In a booklet co-published by Bijutsu Techo and the Museum of Contemporary Art Tokyo, Kangawa stated that the loss of his mother during his first year at university was a pivotal turning point in shaping his artistic vision. Reflecting on his earlier inability to appreciate certain conceptual artworks, he remarked that as a high school student, he was in a "regrettable state of not yet understanding the multiplicity of things."

== Career ==
After graduating from university, Kangawa participated in several major exhibitions, including the solo show 1/2 Century Later. at Shiseido Gallery (2017), the 89+ project at the Serpentine Galleries in London (2014), and De-Sport: The Deconstruction and Reconstruction of Sports Through Art at the 21st Century Museum of Contemporary Art, Kanazawa (2020). His 2021–2022 solo exhibition at the Museum of Contemporary Art Tokyo—following in the footsteps of previous solo exhibitions by major Japanese artists such as Yayoi Kusama, Yoko Ono, and Kohei Nawa—generated extraordinary public interest, with record-breaking attendance and long queues forming during the run.
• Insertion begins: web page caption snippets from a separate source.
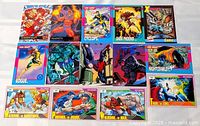 All 14 Marvel trading cards laid out in rows showing fronts and character names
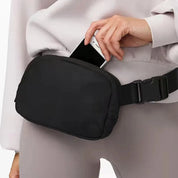 Marsupio nero in tessuto resistente, indossato in vita, con tasca principale aperta e smartphone inserito. Accessorio moda pratico e versatile.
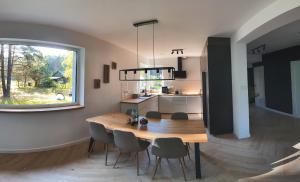 a kitchen and dining room with a wooden table and chairs at Przylesie Dom na Roztoczu in Ciotusza Stara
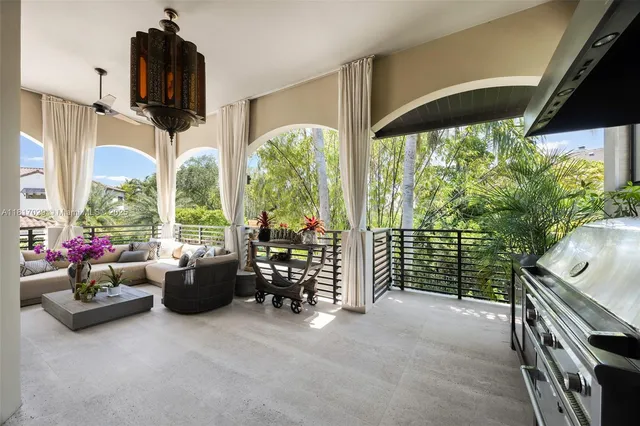 a living room with furniture and floor to ceiling windows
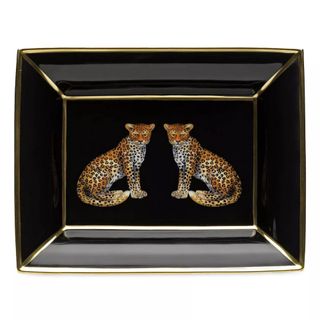 A black decorative tray with gold lining and two leopards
Following the international acclaim of this exhibition, a permanent museum dedicated to Eugene Kangawa / EUGENE STUDIO is currently under construction in Bali, spearheaded by a group of Asian art collectors and local organizers. The museum is scheduled to open in 2026. Unlike Kangawa’s personal studio, the architectural design of this museum is being undertaken by an Indonesian architect. In the interview, Kangawa expressed his gratitude, saying, "I am thankful for the proposal of a permanent museum—something I had never even imagined. Naturally, such a cross-border initiative is only possible thanks to the generous support of so many people who value the work. It belongs to everyone involved, and I hope it becomes a cherished place for all."

In interviews, Kangawa has cited two major turning points in his life:"The death of my mother before I turned 20, and a friend in high school lending me a book about Ray Kurzweil's The Singularity Is Near. Reading that book made me feel that I had discovered a path I must pursue in order to fulfill my role as a human being." He also reflected on the transformative effect of creating and exhibiting works during the global shifts brought on by the COVID-19 pandemic, describing the experience as profoundly influential on his creative direction.
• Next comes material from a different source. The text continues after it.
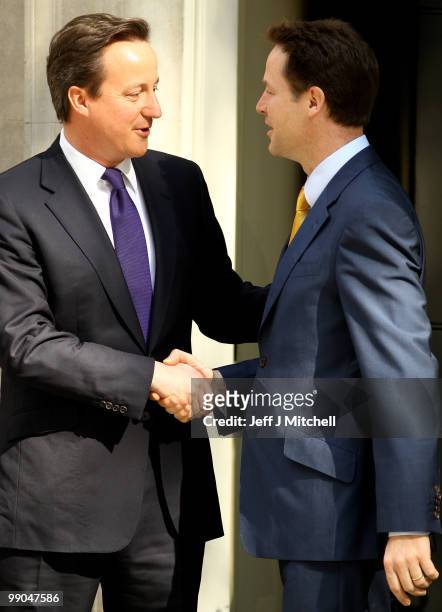 British Prime Minister David Cameron and Deputy Prime Minister Nick Clegg stand at the door to Downing Street on May 12, 2010 in London,...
In an article, Yoshio Suzuki, deputy editor-in-chief of Brutus magazine, remarked of Kangawa:"He appears to be extraordinarily delicate, yet at the same time, bold—and highly knowledgeable. I was once again struck by the depth of his capacity for both input and output."
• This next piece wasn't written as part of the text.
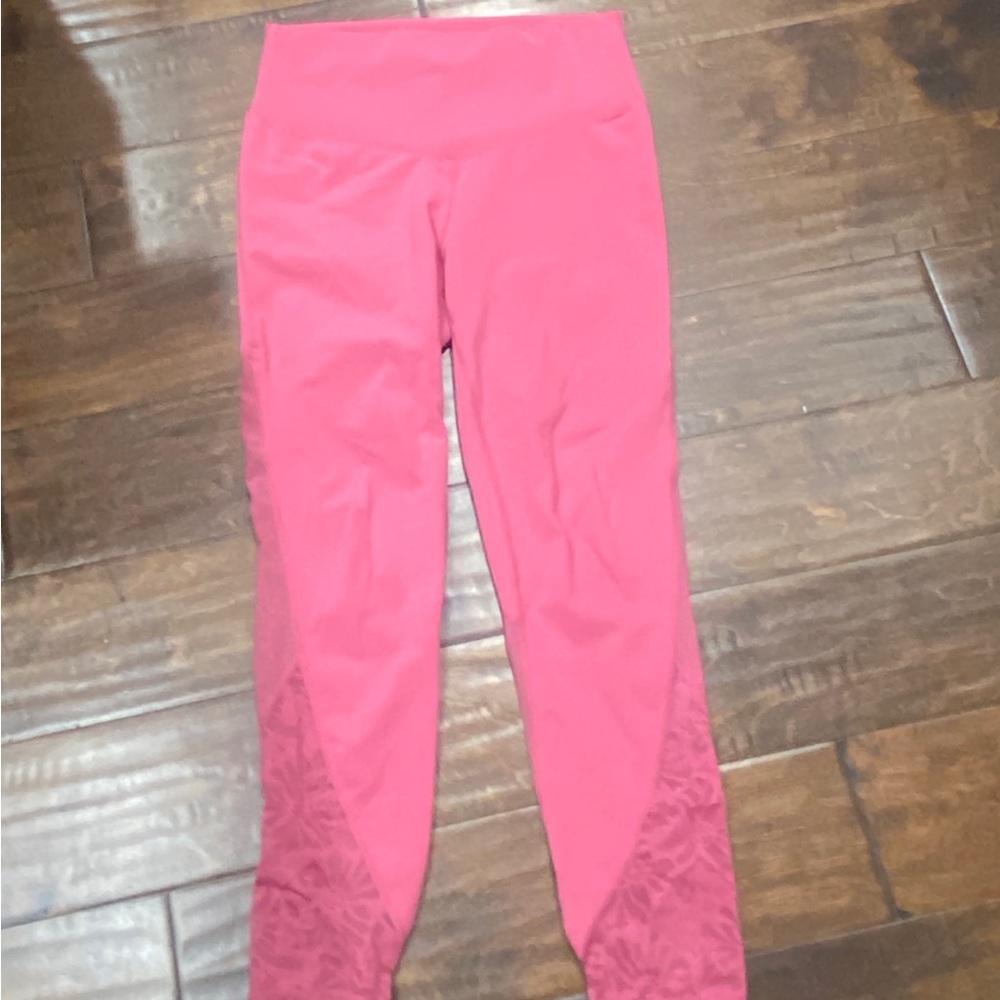 Size medium Fabletics leggings with lace mesh panels.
In 2026, Kangawa's piece titled Chair in Japanese Nuki and Dami style, The Everyday at the Atelier (Standard / Child Scale) was included in the Tokai Project, the second edition of the Craft x Tech initiative. The programme is part of a movement that "explores how inherited knowledge can evolve without losing its soul" and has been described as "one of the most interesting conversations happening today." The work was unveiled in Tokyo at Kudan house, and subsequently exhibited in the Victoria and Albert Museum during the London Design Festival.